HCM_DCM_RCMCardiomyopathy is a disease of the myocardium that could be either acquired or inherited (genetic). Our lab is focused on three types of inherited cardiomyopathy: hypertrophic (HCM), dilated (DCM) and restrictive (RCM) that occur due to mutations in the MYL2 and MYL3 genes encoding for the myosin regulatory (RLC) and essential (ELC) light chains, respectively. The normal myofilament structure of the heart muscle is important for its contractile function and any alterations in myofilament architecture may trigger abnormal cardiac remodeling leading to HCM, DCM and RCM.

Myosin motor

The sarcomere is the basic contractile unit of muscle and is composed of the thick (myosin) and thin (actin) filaments. Myosin is the major molecular motor of contraction and its interaction with actin filaments coupled with the hydrolysis of ATP leads to force production and muscle contraction. Myosin head contains the ATP and actin binding sites and the lever arm domain with the attached regulatory (RLC) and essential (ELC) light chains. An α-helical coiled-coil tail domain of myosin forms the myosin backbone and the thick filaments.
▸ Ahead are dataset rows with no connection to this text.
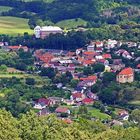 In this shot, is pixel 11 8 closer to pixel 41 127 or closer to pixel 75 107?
pixel 75 107

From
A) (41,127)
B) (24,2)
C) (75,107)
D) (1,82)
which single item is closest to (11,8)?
(24,2)

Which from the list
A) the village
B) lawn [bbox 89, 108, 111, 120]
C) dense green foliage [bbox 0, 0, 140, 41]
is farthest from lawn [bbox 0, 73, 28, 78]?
dense green foliage [bbox 0, 0, 140, 41]

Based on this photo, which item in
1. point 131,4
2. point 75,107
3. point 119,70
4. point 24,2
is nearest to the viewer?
point 75,107

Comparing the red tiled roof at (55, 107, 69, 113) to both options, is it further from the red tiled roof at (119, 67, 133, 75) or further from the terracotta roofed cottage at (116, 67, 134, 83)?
the red tiled roof at (119, 67, 133, 75)

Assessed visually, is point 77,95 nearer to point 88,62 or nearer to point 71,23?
point 88,62

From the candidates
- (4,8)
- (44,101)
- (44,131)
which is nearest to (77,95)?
(44,101) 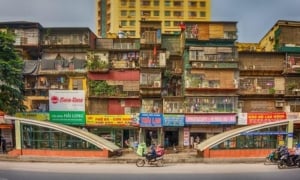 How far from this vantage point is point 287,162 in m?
26.3

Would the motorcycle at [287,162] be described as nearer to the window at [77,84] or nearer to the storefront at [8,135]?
the storefront at [8,135]

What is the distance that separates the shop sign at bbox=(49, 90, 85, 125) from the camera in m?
44.0

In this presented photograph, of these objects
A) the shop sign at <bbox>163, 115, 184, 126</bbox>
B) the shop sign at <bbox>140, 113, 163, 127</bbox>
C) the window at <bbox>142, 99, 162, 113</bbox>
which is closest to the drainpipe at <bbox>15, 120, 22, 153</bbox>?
the shop sign at <bbox>140, 113, 163, 127</bbox>

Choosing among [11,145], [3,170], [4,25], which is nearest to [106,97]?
[11,145]

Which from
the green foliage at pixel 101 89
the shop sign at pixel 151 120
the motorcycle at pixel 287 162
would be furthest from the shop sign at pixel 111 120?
the motorcycle at pixel 287 162

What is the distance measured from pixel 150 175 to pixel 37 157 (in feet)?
39.4

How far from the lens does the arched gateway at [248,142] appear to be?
108ft

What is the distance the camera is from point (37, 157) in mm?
31562

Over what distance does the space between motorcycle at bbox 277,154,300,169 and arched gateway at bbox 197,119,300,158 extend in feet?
21.8

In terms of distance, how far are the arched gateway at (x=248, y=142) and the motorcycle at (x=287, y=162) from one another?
262 inches

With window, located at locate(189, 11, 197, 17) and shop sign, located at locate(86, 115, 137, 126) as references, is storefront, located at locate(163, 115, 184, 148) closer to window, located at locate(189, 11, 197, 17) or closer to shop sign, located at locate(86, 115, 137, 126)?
shop sign, located at locate(86, 115, 137, 126)

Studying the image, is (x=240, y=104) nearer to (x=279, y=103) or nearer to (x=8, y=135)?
(x=279, y=103)

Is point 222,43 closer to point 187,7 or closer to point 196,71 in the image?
point 196,71

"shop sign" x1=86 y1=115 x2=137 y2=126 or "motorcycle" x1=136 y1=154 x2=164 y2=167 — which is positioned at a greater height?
"shop sign" x1=86 y1=115 x2=137 y2=126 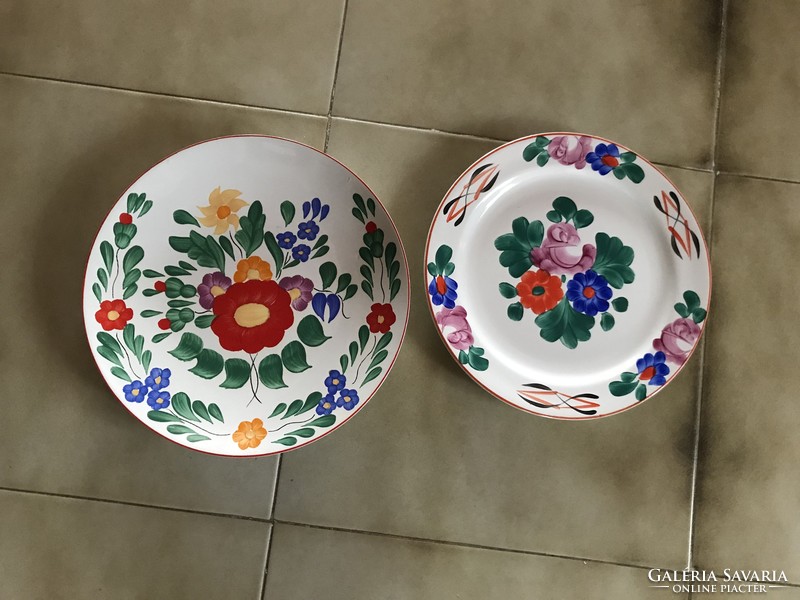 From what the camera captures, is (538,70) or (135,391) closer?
(135,391)

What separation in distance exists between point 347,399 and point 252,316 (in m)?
0.15

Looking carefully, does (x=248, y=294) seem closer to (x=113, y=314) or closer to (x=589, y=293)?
(x=113, y=314)

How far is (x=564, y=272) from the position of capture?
2.36 feet

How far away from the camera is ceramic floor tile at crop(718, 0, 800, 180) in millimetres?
781

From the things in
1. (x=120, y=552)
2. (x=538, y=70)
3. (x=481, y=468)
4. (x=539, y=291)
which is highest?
(x=538, y=70)

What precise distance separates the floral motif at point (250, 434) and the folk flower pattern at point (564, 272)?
0.32 m

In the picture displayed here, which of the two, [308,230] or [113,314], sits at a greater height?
[308,230]

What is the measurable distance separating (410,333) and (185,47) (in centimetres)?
47

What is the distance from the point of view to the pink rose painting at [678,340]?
71cm

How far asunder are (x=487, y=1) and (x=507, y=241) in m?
0.32

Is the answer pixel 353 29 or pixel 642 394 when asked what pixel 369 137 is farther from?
pixel 642 394

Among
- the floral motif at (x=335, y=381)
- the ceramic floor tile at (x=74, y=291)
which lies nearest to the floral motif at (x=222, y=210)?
the ceramic floor tile at (x=74, y=291)

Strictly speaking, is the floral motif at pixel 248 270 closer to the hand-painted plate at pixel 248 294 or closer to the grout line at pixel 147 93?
the hand-painted plate at pixel 248 294

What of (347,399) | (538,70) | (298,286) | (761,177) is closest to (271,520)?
(347,399) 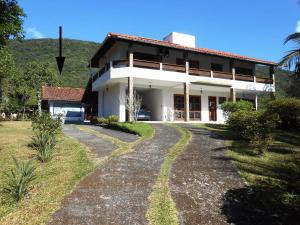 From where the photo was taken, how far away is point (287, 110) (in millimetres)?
17062

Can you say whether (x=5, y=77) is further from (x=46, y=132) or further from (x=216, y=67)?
(x=216, y=67)

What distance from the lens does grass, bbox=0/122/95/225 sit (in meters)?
5.65

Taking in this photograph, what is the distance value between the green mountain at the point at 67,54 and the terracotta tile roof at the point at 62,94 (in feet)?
111

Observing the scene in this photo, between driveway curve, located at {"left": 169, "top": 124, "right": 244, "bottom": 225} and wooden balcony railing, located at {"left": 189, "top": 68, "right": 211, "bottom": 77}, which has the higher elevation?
wooden balcony railing, located at {"left": 189, "top": 68, "right": 211, "bottom": 77}

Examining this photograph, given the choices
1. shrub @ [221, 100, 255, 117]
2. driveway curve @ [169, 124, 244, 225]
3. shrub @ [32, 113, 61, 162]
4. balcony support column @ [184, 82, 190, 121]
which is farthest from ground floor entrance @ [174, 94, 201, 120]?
shrub @ [32, 113, 61, 162]

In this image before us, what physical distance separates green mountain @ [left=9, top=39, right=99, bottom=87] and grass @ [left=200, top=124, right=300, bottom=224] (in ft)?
196

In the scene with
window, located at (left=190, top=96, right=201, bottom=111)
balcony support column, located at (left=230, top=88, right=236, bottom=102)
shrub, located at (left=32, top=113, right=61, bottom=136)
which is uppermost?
balcony support column, located at (left=230, top=88, right=236, bottom=102)

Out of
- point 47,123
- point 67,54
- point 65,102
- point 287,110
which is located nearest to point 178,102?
point 287,110

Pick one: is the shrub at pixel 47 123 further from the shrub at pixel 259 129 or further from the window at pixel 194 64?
the window at pixel 194 64

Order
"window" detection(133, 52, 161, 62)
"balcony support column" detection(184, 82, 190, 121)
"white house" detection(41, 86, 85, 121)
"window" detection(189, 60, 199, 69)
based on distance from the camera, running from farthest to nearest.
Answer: "white house" detection(41, 86, 85, 121) < "window" detection(189, 60, 199, 69) < "window" detection(133, 52, 161, 62) < "balcony support column" detection(184, 82, 190, 121)

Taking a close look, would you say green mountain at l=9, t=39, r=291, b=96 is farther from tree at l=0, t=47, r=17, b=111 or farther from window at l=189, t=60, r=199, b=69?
window at l=189, t=60, r=199, b=69

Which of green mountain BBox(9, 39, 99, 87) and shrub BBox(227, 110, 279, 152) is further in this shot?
green mountain BBox(9, 39, 99, 87)

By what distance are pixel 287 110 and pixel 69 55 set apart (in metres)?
80.5

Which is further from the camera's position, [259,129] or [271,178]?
[259,129] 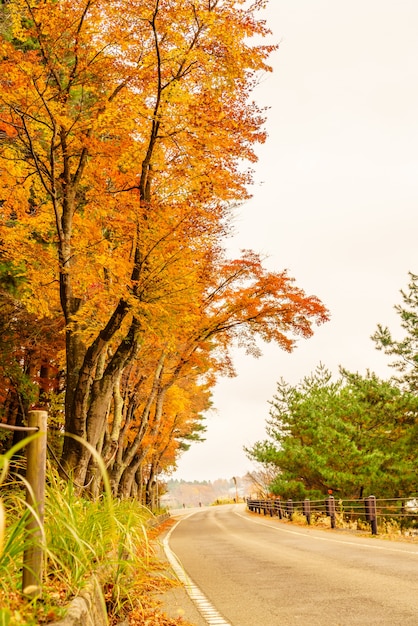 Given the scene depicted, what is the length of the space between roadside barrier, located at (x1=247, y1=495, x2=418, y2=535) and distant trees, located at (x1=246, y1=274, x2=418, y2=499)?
0.76 m

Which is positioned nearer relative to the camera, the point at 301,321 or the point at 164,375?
the point at 301,321

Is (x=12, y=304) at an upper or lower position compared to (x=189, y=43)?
lower

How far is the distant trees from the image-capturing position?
81.4 ft

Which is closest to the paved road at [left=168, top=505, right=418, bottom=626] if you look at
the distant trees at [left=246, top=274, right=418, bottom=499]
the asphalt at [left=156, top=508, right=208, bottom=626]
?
the asphalt at [left=156, top=508, right=208, bottom=626]

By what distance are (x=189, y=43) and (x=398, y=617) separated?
918 centimetres

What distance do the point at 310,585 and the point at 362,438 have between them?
67.1 feet

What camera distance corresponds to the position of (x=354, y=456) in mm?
26297

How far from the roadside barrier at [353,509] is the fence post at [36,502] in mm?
13007

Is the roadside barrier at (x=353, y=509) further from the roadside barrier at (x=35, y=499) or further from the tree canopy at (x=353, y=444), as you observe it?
the roadside barrier at (x=35, y=499)

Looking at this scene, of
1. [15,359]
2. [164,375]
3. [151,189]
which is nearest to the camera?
[151,189]

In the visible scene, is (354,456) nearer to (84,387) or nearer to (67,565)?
(84,387)

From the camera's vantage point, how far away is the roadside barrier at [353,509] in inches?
635

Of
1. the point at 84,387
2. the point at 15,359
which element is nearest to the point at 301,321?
the point at 84,387

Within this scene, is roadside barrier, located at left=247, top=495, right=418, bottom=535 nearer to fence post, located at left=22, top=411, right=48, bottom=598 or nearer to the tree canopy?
the tree canopy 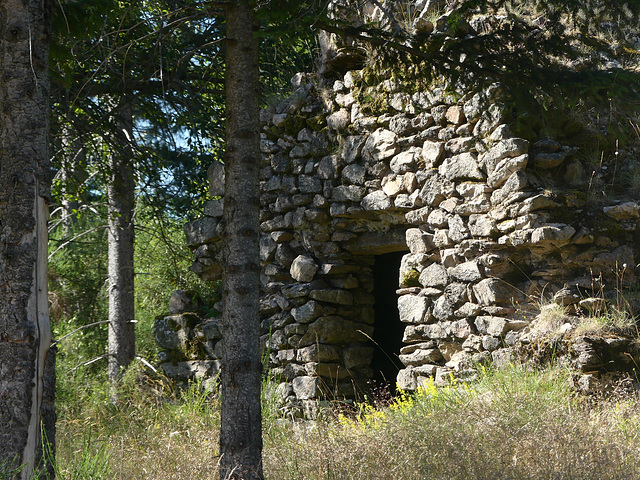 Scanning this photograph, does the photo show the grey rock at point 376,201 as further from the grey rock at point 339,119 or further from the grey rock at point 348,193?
the grey rock at point 339,119

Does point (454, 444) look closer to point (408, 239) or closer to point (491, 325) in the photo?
point (491, 325)

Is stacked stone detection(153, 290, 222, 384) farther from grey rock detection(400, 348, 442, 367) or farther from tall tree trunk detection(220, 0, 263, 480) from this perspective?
tall tree trunk detection(220, 0, 263, 480)

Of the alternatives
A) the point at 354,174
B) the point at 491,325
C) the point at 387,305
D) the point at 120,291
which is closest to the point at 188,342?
the point at 120,291

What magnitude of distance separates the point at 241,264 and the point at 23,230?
1284 millimetres

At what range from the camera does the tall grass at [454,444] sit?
3.57 meters

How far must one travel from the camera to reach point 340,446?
422 centimetres

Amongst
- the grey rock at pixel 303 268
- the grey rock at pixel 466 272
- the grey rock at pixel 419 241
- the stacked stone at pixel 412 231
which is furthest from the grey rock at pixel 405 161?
the grey rock at pixel 303 268

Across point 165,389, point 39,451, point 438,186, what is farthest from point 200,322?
point 39,451

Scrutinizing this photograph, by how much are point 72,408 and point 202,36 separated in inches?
195

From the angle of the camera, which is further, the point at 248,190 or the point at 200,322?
the point at 200,322

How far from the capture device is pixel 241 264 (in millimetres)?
3986

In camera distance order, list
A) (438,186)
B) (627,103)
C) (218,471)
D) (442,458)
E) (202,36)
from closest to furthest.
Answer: (442,458), (218,471), (627,103), (438,186), (202,36)

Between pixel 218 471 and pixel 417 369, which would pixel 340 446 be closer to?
pixel 218 471

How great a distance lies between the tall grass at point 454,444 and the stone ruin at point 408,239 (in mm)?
499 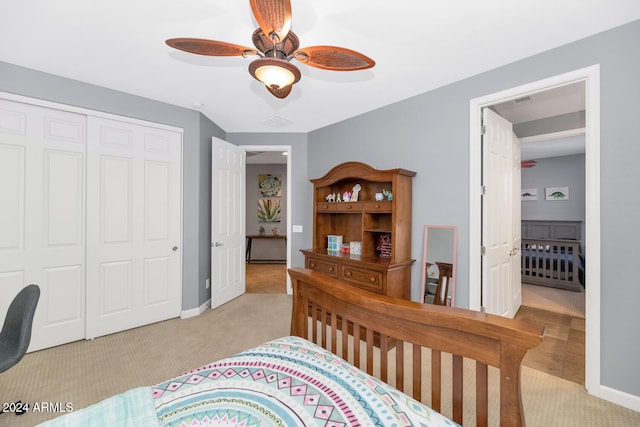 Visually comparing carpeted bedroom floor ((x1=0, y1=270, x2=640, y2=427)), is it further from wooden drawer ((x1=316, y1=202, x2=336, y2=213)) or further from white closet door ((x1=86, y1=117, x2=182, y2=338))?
wooden drawer ((x1=316, y1=202, x2=336, y2=213))

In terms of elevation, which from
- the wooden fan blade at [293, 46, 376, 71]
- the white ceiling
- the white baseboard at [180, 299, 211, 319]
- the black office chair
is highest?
the white ceiling

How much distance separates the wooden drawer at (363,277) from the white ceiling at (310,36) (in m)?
1.85

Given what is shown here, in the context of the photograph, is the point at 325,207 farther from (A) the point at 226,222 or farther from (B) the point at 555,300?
(B) the point at 555,300

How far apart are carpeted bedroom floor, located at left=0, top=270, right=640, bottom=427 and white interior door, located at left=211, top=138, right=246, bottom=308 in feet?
1.84

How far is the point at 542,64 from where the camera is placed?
2260mm

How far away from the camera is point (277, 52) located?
5.42 feet

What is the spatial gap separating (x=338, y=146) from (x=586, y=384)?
332 cm

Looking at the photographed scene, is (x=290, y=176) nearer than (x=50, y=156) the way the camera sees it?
No

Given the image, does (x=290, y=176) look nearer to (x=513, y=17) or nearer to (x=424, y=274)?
(x=424, y=274)

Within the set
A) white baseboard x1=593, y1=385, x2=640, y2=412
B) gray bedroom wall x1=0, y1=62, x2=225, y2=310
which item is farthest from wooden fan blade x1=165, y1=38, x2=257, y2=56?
white baseboard x1=593, y1=385, x2=640, y2=412

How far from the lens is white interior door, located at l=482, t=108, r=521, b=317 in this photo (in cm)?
272

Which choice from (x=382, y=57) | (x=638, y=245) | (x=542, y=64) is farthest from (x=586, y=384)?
(x=382, y=57)

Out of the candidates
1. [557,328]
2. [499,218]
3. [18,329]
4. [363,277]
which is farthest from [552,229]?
[18,329]

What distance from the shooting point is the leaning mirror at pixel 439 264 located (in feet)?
8.99
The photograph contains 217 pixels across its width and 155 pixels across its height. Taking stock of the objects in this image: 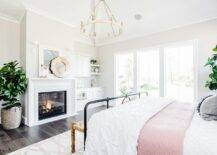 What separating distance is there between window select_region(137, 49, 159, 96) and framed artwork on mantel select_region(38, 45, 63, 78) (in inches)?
112

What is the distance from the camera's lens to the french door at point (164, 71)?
14.4 feet

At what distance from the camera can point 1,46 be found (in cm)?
388

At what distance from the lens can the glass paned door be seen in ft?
14.3

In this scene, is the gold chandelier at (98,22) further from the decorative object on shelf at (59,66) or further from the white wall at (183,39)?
the decorative object on shelf at (59,66)

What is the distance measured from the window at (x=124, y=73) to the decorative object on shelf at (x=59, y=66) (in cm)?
213

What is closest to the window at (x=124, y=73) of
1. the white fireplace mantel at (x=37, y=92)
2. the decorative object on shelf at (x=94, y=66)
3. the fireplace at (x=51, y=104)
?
the decorative object on shelf at (x=94, y=66)

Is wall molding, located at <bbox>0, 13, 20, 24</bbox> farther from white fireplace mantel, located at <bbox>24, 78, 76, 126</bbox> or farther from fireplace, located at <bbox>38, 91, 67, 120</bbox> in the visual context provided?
fireplace, located at <bbox>38, 91, 67, 120</bbox>

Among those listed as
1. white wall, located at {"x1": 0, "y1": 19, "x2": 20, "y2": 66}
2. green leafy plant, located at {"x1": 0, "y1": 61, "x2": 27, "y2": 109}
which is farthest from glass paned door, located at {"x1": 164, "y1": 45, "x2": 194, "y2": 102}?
white wall, located at {"x1": 0, "y1": 19, "x2": 20, "y2": 66}

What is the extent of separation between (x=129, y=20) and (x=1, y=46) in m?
3.68

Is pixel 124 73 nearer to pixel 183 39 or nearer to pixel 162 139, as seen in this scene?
pixel 183 39

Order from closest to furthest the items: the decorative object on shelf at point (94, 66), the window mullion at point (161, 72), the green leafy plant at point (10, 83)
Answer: the green leafy plant at point (10, 83) → the window mullion at point (161, 72) → the decorative object on shelf at point (94, 66)

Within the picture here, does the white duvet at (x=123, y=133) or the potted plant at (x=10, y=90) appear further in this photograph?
the potted plant at (x=10, y=90)

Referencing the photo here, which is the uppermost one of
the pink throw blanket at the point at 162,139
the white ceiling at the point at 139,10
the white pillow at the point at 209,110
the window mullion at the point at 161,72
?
the white ceiling at the point at 139,10

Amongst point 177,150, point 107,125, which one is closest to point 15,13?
point 107,125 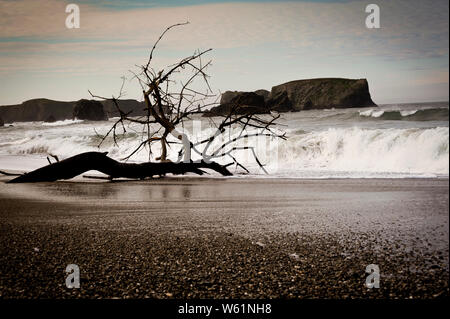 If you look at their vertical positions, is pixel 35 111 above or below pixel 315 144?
above

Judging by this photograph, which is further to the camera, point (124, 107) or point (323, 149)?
point (323, 149)

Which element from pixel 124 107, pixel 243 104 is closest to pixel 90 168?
pixel 124 107

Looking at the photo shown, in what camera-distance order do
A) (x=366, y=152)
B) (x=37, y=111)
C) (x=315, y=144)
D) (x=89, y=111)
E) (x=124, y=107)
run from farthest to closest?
(x=315, y=144), (x=366, y=152), (x=124, y=107), (x=89, y=111), (x=37, y=111)

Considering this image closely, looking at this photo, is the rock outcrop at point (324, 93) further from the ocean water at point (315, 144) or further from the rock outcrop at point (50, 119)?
the rock outcrop at point (50, 119)

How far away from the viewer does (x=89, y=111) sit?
3.16 metres

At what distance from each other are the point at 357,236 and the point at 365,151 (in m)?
2.71

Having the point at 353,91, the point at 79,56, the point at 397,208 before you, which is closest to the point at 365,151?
the point at 353,91

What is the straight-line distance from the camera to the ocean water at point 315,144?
3.33m

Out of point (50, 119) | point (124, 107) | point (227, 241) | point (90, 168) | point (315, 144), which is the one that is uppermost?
point (124, 107)

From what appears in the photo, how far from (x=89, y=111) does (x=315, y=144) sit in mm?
2802

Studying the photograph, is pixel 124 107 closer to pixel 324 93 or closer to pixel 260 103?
pixel 260 103

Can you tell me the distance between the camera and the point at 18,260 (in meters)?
1.72

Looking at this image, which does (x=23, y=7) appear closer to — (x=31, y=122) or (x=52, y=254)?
(x=31, y=122)

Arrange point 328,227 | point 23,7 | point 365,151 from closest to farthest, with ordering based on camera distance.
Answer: point 328,227, point 23,7, point 365,151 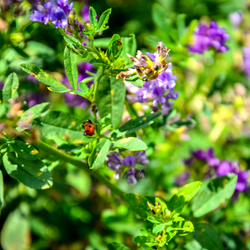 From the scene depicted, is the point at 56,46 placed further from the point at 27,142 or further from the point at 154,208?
the point at 154,208

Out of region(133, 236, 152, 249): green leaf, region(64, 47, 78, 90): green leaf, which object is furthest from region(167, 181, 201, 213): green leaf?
region(64, 47, 78, 90): green leaf

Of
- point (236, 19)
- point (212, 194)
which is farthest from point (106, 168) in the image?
point (236, 19)

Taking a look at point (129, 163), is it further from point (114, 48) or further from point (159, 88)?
point (114, 48)

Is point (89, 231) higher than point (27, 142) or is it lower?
lower

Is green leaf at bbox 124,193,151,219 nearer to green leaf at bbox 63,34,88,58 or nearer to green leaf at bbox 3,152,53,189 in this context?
green leaf at bbox 3,152,53,189

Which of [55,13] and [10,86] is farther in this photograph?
[10,86]

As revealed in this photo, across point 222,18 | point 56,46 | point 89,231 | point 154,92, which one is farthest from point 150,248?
point 222,18

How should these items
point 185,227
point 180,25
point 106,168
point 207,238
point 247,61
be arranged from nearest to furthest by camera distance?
1. point 185,227
2. point 207,238
3. point 106,168
4. point 180,25
5. point 247,61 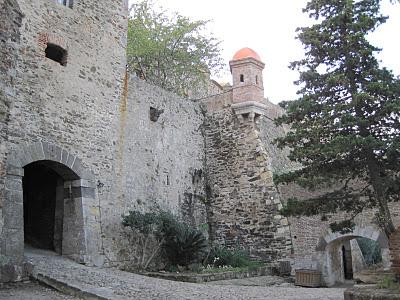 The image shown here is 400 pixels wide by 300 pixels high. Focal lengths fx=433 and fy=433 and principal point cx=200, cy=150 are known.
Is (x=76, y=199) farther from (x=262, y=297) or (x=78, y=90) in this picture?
(x=262, y=297)

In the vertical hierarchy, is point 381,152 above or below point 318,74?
below

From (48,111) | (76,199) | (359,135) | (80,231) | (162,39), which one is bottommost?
(80,231)

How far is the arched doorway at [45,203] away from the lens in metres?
11.3

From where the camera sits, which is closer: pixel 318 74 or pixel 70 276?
pixel 70 276

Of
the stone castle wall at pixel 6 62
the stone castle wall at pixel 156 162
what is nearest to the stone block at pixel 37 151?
the stone castle wall at pixel 156 162

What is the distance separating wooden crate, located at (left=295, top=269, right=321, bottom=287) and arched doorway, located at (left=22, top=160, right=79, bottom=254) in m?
7.16

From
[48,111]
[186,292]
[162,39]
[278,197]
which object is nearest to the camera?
[186,292]

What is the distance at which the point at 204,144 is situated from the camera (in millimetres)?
17297

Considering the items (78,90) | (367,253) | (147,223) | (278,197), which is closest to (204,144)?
(278,197)

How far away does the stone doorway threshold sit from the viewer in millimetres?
7250

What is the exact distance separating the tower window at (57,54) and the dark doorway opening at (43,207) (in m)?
2.77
The RLC binds at the distal part of the lever arm and has a cation binding site for Ca2+ or Mg2+, and the myosin light chain kinase (MLCK)-phosphorylatable Serine 15, whose phosphorylation regulates cardiac muscle contraction. The ELC is positioned closer to the myosin motor domain within the head region, and its ventricular isoform contains an N-terminal extension shown to interact with actin as well as with the MHC. The myosin lever arm domain has been proposed to amplify small conformational changes that occur in the myosin head motor domain into large movements driving the sliding of the thick and thin filaments and muscle contraction. Hence, any mutation in either RLC or ELC may obstruct the function of the lever arm and influence the myosin motor function and thus affect cardiac muscle contraction leading to cardiomyopathy. Our lab is interested in studying the molecular determinants of HCM, DCM and RCM using a combination of molecular biology, X-ray, proteomic and physiological approaches to study the underlying mechanisms of cardiomyopathy.  We measure contractile force in papillary muscle fibers from transgenic mice, myosin ATPase activity, myofilament calcium sensitivity, cross-bridge kinetics, and other contractile parameters.  We perform fluorescence spectroscopy experiments monitoring the effects of RLC or ELC mutations on the mechanical and biophysical properties of myosin.  We study the effect of cardiomyopathy mutations on the structure of myocardium and sarcomere lattice spacing using small angle X-ray diffraction methods at Advance Photon Source, Argonne National Laboratory, Chicago, IL. Transgenic mouse hearts are also tested in vivo by echocardiography and invasive hemodynamics to determine the effect of mutations on heart function and potential development of a hypertrophic phenotype.